The troupe of officials will arrive at the Walkers Stadium today at around 12.45pm. D'Urso will go straight out to look at the pitch, making sure that the markings are correct. At 1.45pm he will attend a briefing by Leicester's safety officer, noting the procedure should the ground need to be evacuated. And at 2pm he will get the team sheets, with the kit details.

"My concern there is looking for any possible clash of colours," he says. "After that, all I ask is that the players are in the tunnel six minutes before kick-off for a jewellery and stud inspection."

Jewellery inspections, it occurs to me, never happened in the days of Nat Lofthouse and Len Shackleton. But much has changed since then, not least the advent of professional referees. Until August 2001, D'Urso worked in the card services department of Coutts, the bank of the rich and famous. He still works there a couple of days a week. Is he ever tempted to lose a couple of hundred grand from the account of a footballer who has abused him? "No," he says, disappointingly.

Professionalism had to happen, he adds. He once refereed a Monday evening game at Elland Road, got home at 2.30am, and had to be up for work four hours later. It was no way to carry on. He now pockets £250 for every Premier League match he takes charge of, on top of the basic salary for the 21 Select List referees of £45,000, which rises according to experience.

No players have yet pointed out to him that they earn in a week what he earns in a year. Not even a disgruntled footballer would sink that low. Lee Hendrie called him a "fucking wanker" but that's different.

He sent Hendrie off, of course. He has also shown the red card to Dennis Wise (who hasn't?), Patrick Vieira, Gus Poyet, Dominic Matteo, Alan Smith and Alan Shearer, among others. The Shearer sending-off was mistaken, he thinks, and it earned him a post-match bollocking from Sir Bobby Robson.

The other manager he has most enraged is David O'Leary. After each match there is supposed to be a 30-minute cooling-down period before managers are allowed to talk to referees, although some of them wouldn't cool off if they spent half an hour in a chest freezer.

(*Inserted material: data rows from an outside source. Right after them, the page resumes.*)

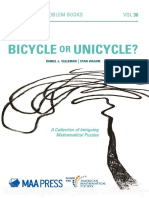 Bicycle or Unicycle？_A Collection of Intriguing Mathematical Puzzles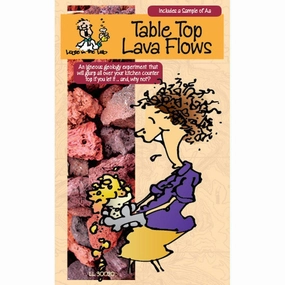 Table Top Lava Flows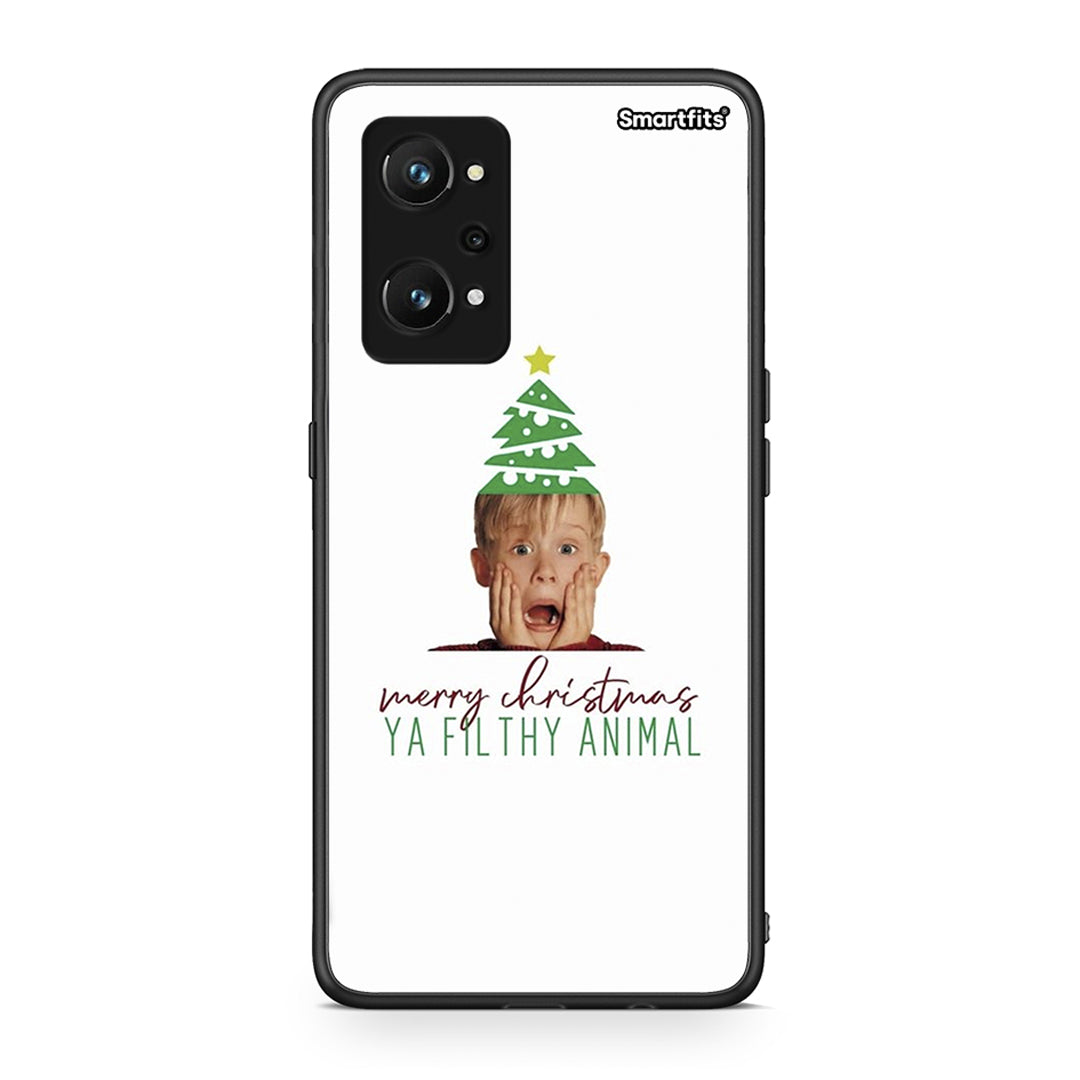 Realme GT Neo 3T Filthy Animal θήκη από τη Smartfits με σχέδιο στο πίσω μέρος και μαύρο περίβλημα | Smartphone case with colorful back and black bezels by Smartfits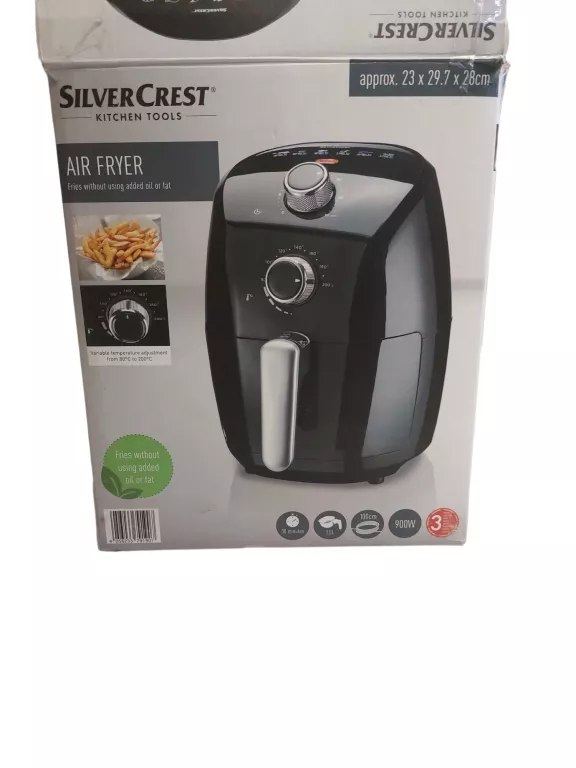 FRYTKOWNICA AIR FRYER SILVERCREST SHF 900 A1 900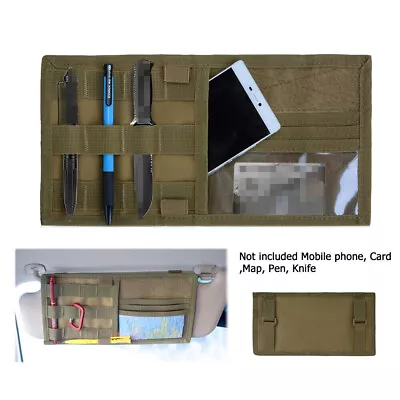 Card / Money Bag For Car Tactical Knife Pouch Pen Pack Bag EDC Molle Mini Bag • $9.99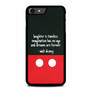 Walt Disney Quotes iPhone SE 2022 Case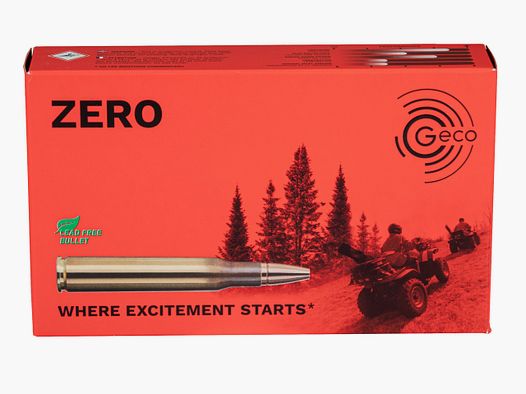 Geco Büchsenpatronen Zero 8x57 IS. 139 grains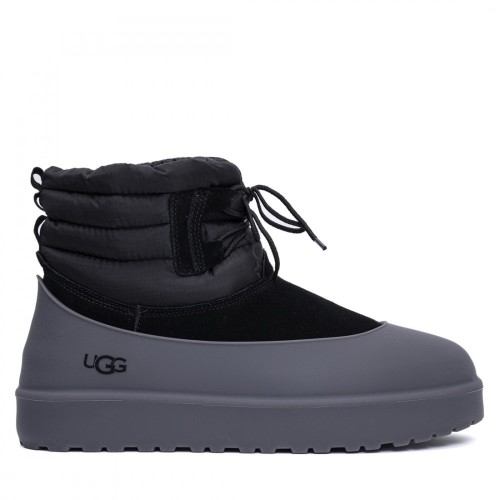 UGG Mens Classic Mini Lace-Up Weather Black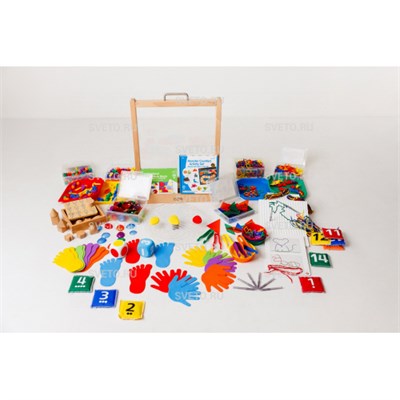 Чемоданчик психолога. Комплект SCSET23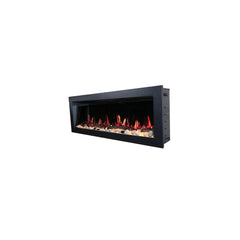 Litedeer Homes Latitude II Series Seamless Push-in Electric Fireplace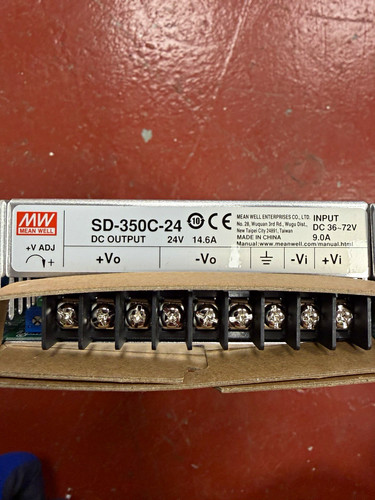 Mean well 350c 350w - mean, sd-350c-24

D'Urso admits that his heart might beat a little faster when he reaches for a red card. "But it doesn't give me a buzz. I'm depriving a player of doing what he does, and the crowd of seeing a top player play.

"Insulting language is a sending-off offence, but it's an emotional game, passions run high. And we all have different tolerance levels. I would say I'm pretty tolerant. But I have to be careful what I say."

In other words, he is touching on the referee's perennial dilemma, to be faithful to the laws of the game while exercising common sense.

"I knew a parks referee once who would send players off for swearing, full stop. If you hit a misplaced pass and said "fuck", you were off. That was his tolerance level." It would be interesting, I venture, if those puritanical standards were applied just once at the top level. Man United v Middlesbrough would end up as nobody v Gareth Southgate.

But back to Leicester v Man City. At 2.30 this afternoon, D'Urso and his assistants will start warming up. There will probably be some "butterflies", he admits. But they will disappear as soon as the whistle - his whistle - goes. By then he will have put his boots on, right foot first, and made sure that he has the old penny, given to him by his parents, for the pre-match toss.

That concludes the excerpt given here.